An agent skill turns Nexma into a domain-aware platform. Load the FTTH skill and Nexma becomes a fiber-network planner. Load the water skill and the same product becomes a water-utility designer. The toolbar, the layers, the chat, the validations — all reconfigure for the active domain.

Why skills exist

Most spatial products are vertical applications: one tool for fiber, another for water, another for substations. Each ships a different UI, a different data model, a different domain-aware AI. They don’t share anything. If your team works across domains, you’re stuck assembling a stack of disconnected tools.

Nexma is horizontal. The same engine runs every domain; the skill is what makes it domain-aware. That changes the economics: a new vertical is a configuration, not a new product.

What a skill gives you

When you load a skill, your project immediately gets:

  • Domain-correct entities and rules. Cabinets, splitters, drops, splices for FTTH;

pumps, pipes, reservoirs for water. Each with the right properties and validations.

  • Standards-aware constants. Industry color codes, standard catalogs, regulatory

defaults — already wired in.

  • A toolbar shaped to the domain. Tools that make sense for fiber don’t clutter

a water project, and vice versa.

  • Map styling that reads correctly. Cabinets render as cabinets, pipes as pipes —

not as generic points and lines.

  • AI that knows the rules. Jax respects the skill’s constraints automatically.

You don’t restate them in every prompt.

Working with skills

Most teams start by loading a built-in skill (FTTH, water, electric, gas, 5G, logistics, construction). From there:

  • Use it as-is for the standard domain.
  • Extend it when your domain has a wrinkle the default doesn’t cover —

“add a splice-type field to closures.” Every view reacts.

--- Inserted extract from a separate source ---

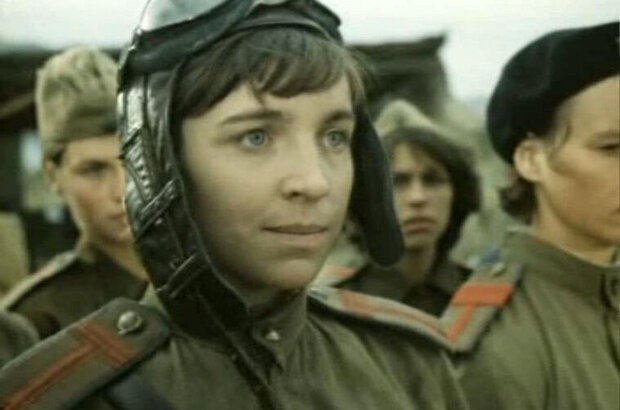 V nebe 'Nochnye vedmy' (1981) - photo 5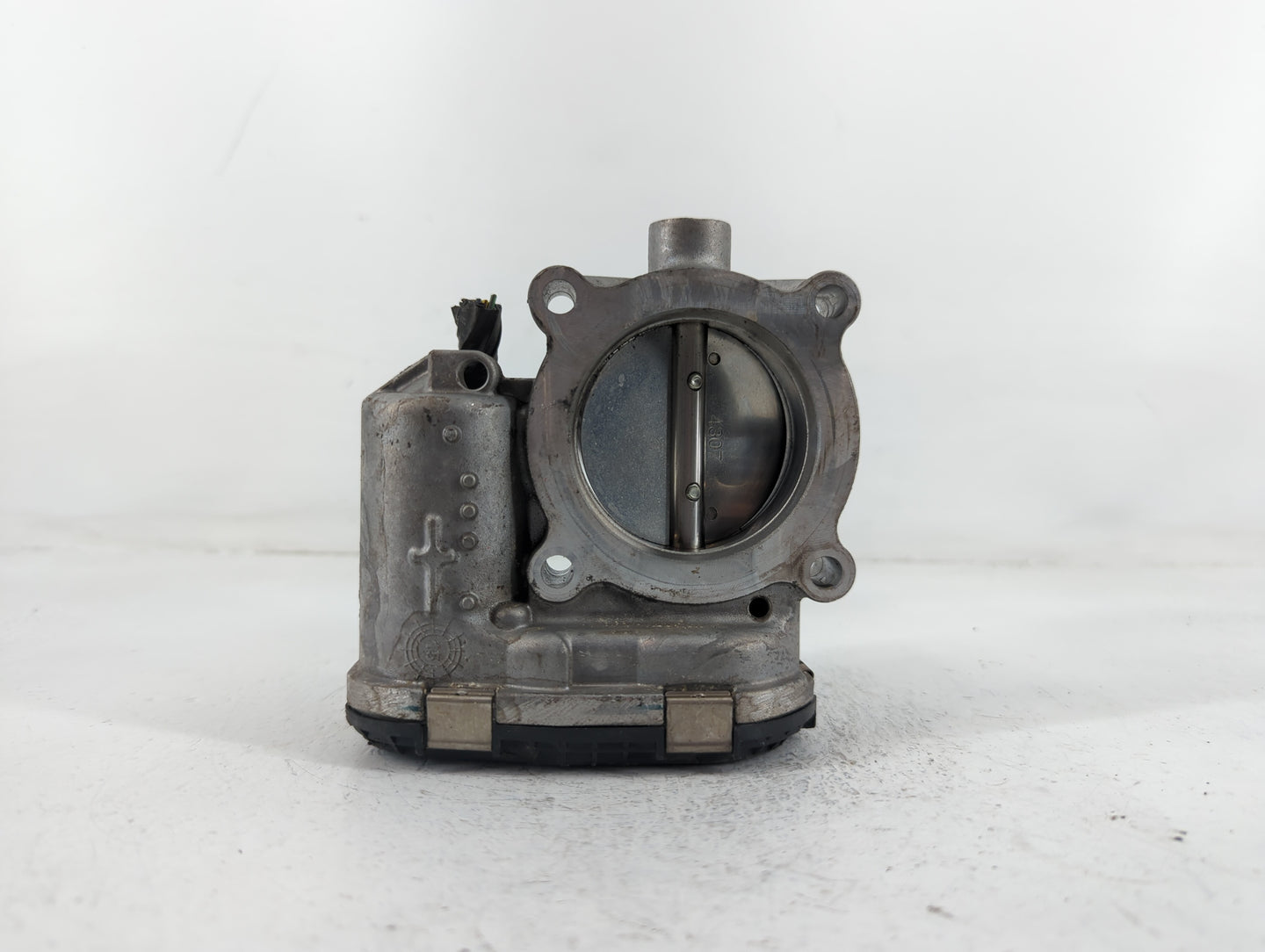 2014-2018 Ford Focus Throttle Body P/N:DS7E-9F991-BB Fits Fits 2014 2015 2016 2017 2018 2019 2020 2021 2022 OEM Used Auto Parts - Oemusedautoparts1.com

  • Compose two skills for hybrid projects (a municipal project with both fiber and

street lighting).

If your domain isn’t in the catalog, you can describe it in natural language and Jax will draft a skill. You review, edit, and save.

Why this is the central abstraction

Spatial work is fundamentally about what kind of thing exists and what rules govern it. Skills make that explicit and editable. The platform stays simple; the domain expertise lives where it belongs — at the edge, near the people who actually know the domain.